Today, the State of Israel occupies much the same territories as the twelfth-century Kingdom of Jerusalem, and is regarded by the Muslim world as much of a client state to the Western world as was its medieval forerunner to Western Christendom.... Against that enemy, any hostile action -- be it political, military or based on oil -- is considered no more than legitimate vengeance.
The Crusades, page 160.

Update: I just wrote a review for Amazon for this book, here.

Comments

Kevin Rosero said…
Thanks for that review, and particularly for the information about indulgences, which was new to me and interesting. I had no idea that indulgences started that way. They seem to me now like merely an institutionalization of something ancient and universal, namely the hunger to achieve immortality/salvation through battle, or simply the belief that battle could win these things. I had previously thought of indulgences exclusively as something quite different -- the means to buy salvation without risk, sacrifice or pain.
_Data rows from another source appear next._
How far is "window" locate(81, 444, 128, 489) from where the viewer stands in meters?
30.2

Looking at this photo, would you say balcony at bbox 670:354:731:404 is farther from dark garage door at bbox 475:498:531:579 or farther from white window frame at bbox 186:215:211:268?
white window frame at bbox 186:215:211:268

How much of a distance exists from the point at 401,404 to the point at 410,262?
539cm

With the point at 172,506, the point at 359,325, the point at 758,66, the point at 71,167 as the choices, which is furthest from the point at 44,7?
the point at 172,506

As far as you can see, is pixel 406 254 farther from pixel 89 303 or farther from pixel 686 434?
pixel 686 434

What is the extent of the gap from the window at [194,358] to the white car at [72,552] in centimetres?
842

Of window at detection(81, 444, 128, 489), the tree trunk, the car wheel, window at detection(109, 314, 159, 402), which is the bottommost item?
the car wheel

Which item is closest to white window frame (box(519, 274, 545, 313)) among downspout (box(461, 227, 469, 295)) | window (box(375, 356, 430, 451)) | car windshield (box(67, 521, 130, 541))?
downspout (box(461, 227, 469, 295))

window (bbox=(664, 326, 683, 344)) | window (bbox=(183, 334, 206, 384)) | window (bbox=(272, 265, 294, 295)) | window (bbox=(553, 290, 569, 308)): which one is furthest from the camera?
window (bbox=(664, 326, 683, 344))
Just a question, did the author describe how prominent the Crusades were in Muslim minds, not just now, but at the time?
Layman said…
Interest in Jihads swelled and wained throughout the Crusades. The Muslim leader Saladin proved most adept at channeling interest in Jihad to recapture Jerusalem between the Second and Third Crusades. At other times, Muslims were more interested in fighting each other, such as Turks v. Arabs and Shiite v. Sunni or internal power struggles within various kingdoms. Also, at times there were "barbarian" forces invading Muslim lands which posed much greater threats than the Crusaders ever managed.

There were also periods of cooperation and diplomacy between Crusader and Muslims. Jerusalem was briefly returned to Christian hands as a result of diplomacy on the part of the Holy Roman Emperor. Saladin and King Richard made a deal preserving for a period of years the Crusader cities in the Middle East and allowing Richard's army to complete pilgrimages to Jersualem (Richard himself refused to do so since he had failed to recapture Jerusalem).
Layman said…
Nomad,

As I read him, he's not saying they were invented during the Crusades, but they were popularized to a much greater degree. And he seems quite clear about the nature of the indulgence. It is not a get-out-of-jail-free card. Hence, "provided he went into battle in a state of repentance and had made confession, he could be assured of immediate entry into Paradise." Sounds like he's referenced a shortened time--or no time-- in purgatory, not salvation per se. The soldier still has to take care of his own soul.

I think you are overreacting to the article.
Layman said…
Well, I still don't read that line as saying that the concept was invented during the Crusades.

The Crusades are of such monumental historical significance that I think it would be difficult to say they were not connected to the later Reformation.